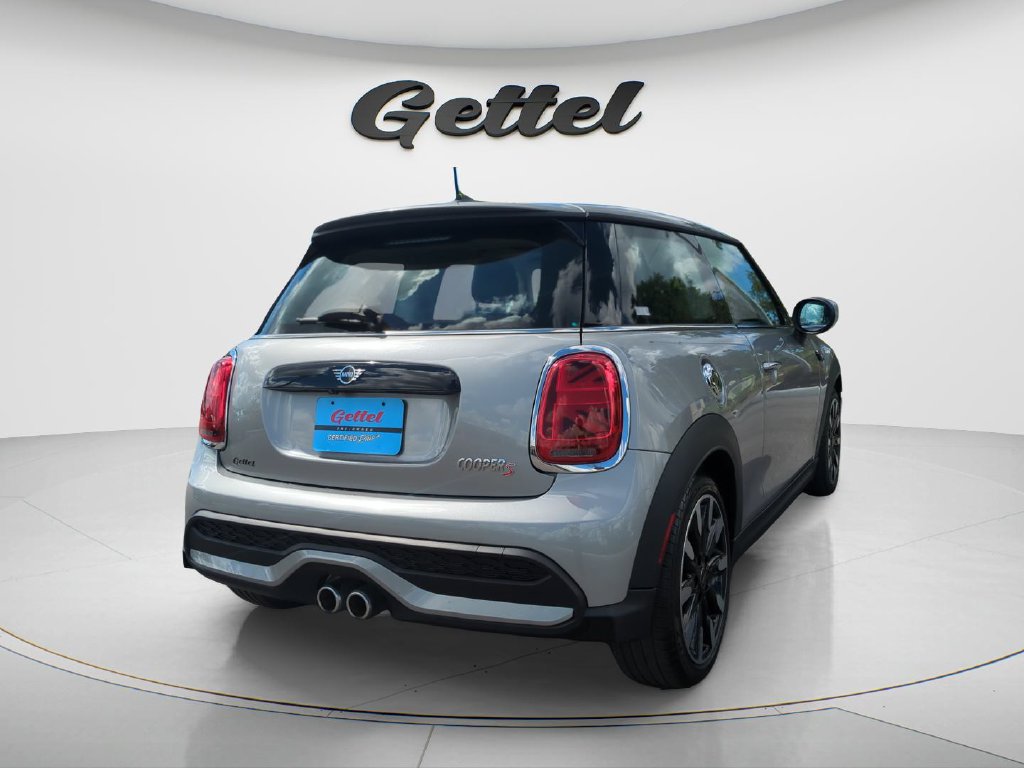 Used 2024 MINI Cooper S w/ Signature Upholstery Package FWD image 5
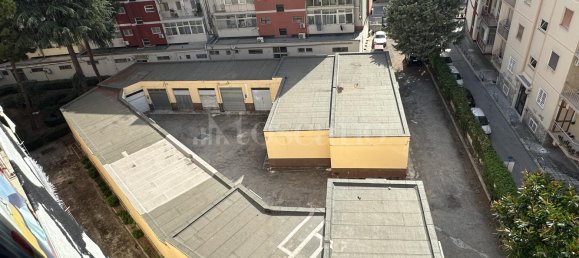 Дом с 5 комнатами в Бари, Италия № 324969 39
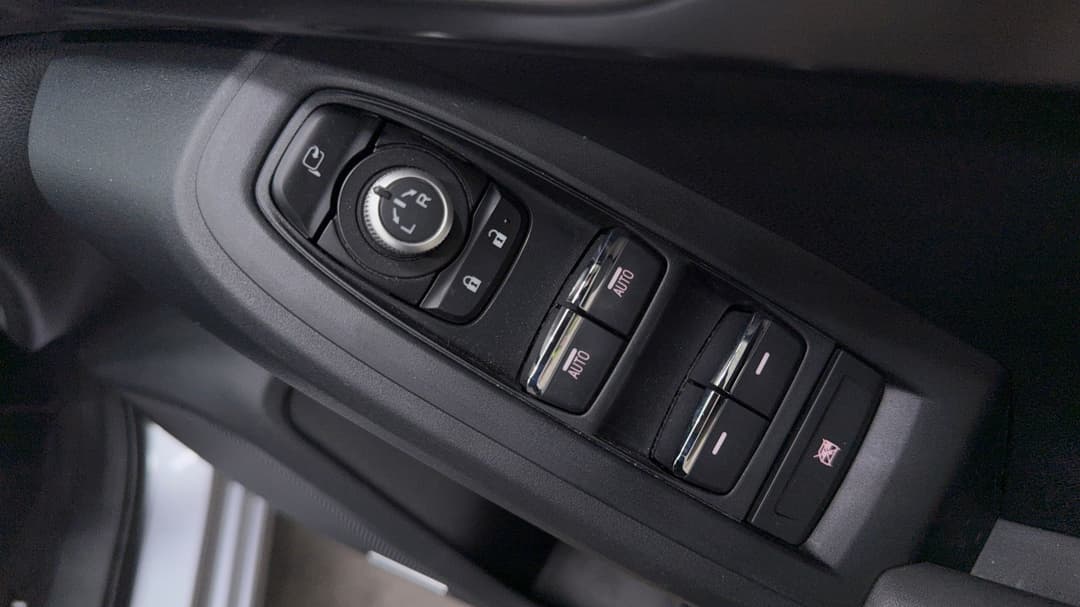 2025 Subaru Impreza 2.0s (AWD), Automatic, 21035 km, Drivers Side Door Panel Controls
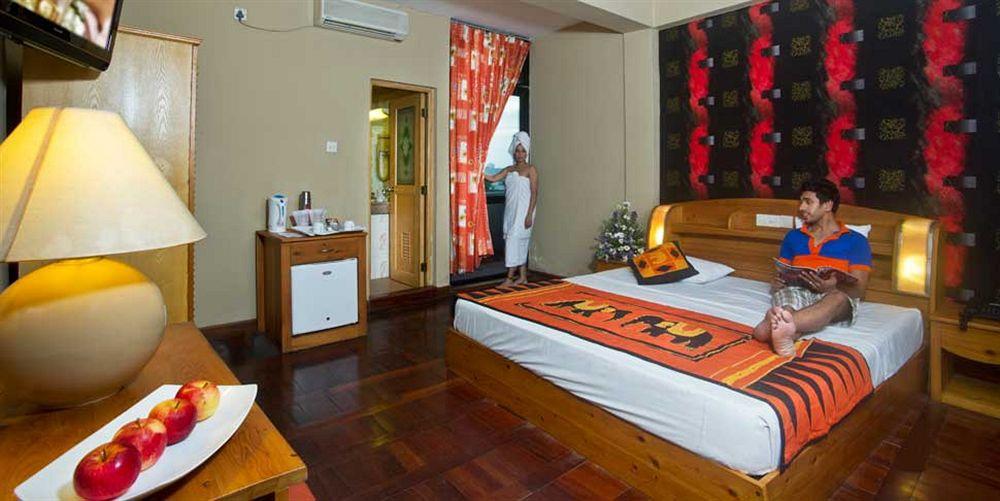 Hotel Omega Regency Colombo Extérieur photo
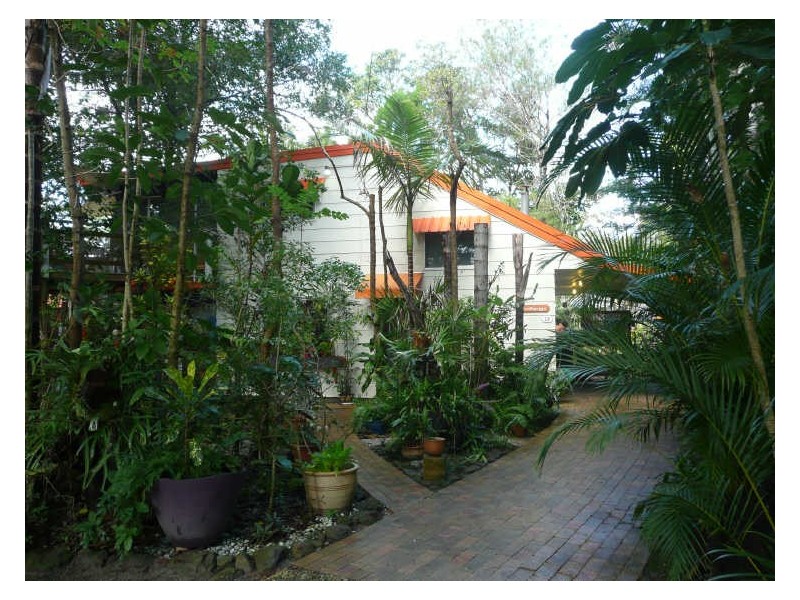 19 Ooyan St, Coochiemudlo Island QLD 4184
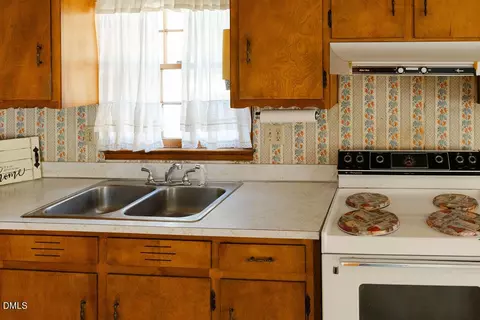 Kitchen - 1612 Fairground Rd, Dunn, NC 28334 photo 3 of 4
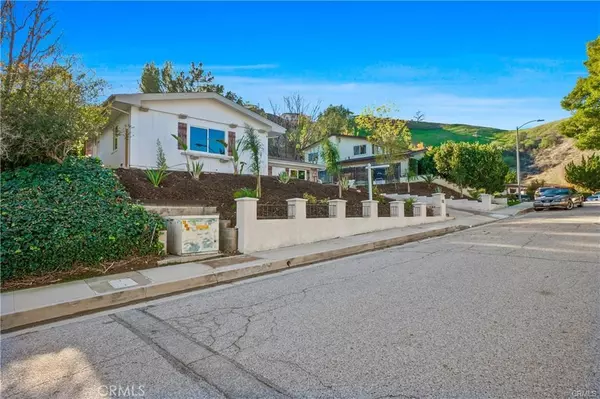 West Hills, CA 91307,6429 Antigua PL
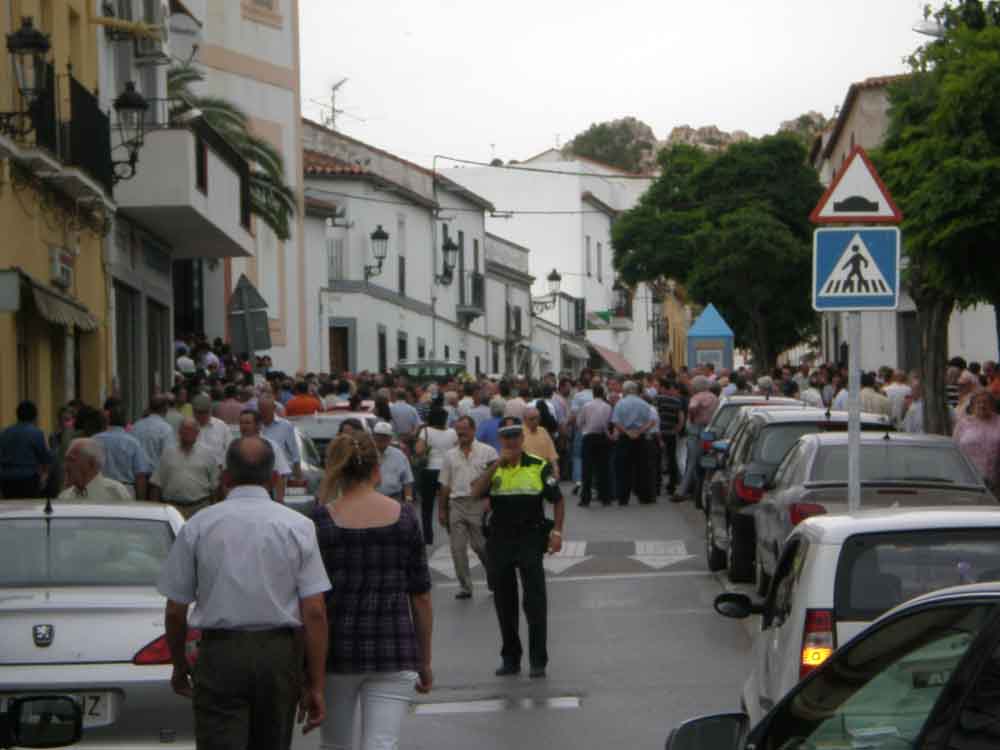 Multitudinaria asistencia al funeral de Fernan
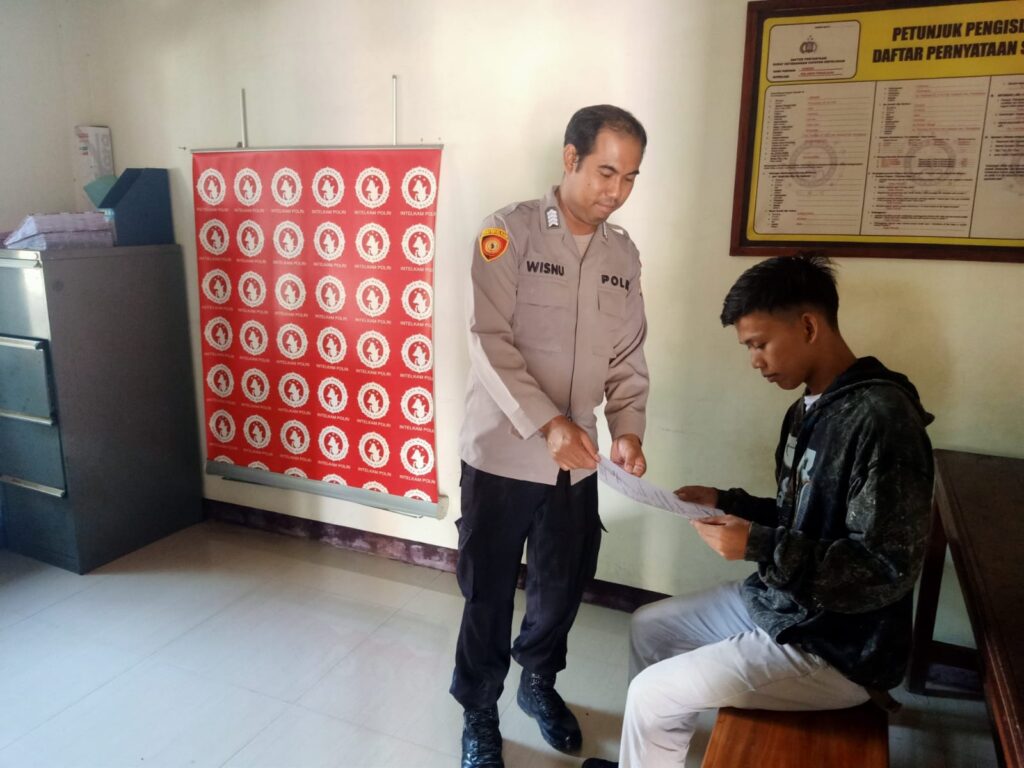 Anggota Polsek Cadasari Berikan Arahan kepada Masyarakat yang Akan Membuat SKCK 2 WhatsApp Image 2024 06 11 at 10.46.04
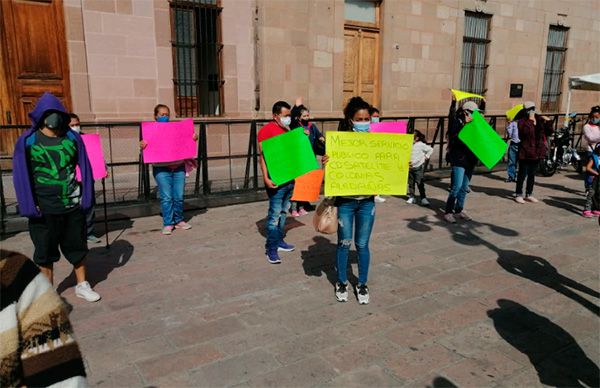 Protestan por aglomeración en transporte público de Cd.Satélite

## EXERCISE GOAL
Output each of the lines above exactly, apart from the images.

## EXERCISE RESULT
 Used 2024 MINI Cooper S w/ Signature Upholstery Package FWD image 5
 Дом с 5 комнатами в Бари, Италия № 324969 39
 2025 Subaru Impreza 2.0s (AWD), Automatic, 21035 km, Drivers Side Door Panel Controls
 Hotel Omega Regency Colombo Extérieur photo
 19 Ooyan St, Coochiemudlo Island QLD 4184
 Kitchen - 1612 Fairground Rd, Dunn, NC 28334 photo 3 of 4
 West Hills, CA 91307,6429 Antigua PL
 Multitudinaria asistencia al funeral de Fernan
 Anggota Polsek Cadasari Berikan Arahan kepada Masyarakat yang Akan Membuat SKCK 2 WhatsApp Image 2024 06 11 at 10.46.04
 Protestan por aglomeración en transporte público de Cd.Satélite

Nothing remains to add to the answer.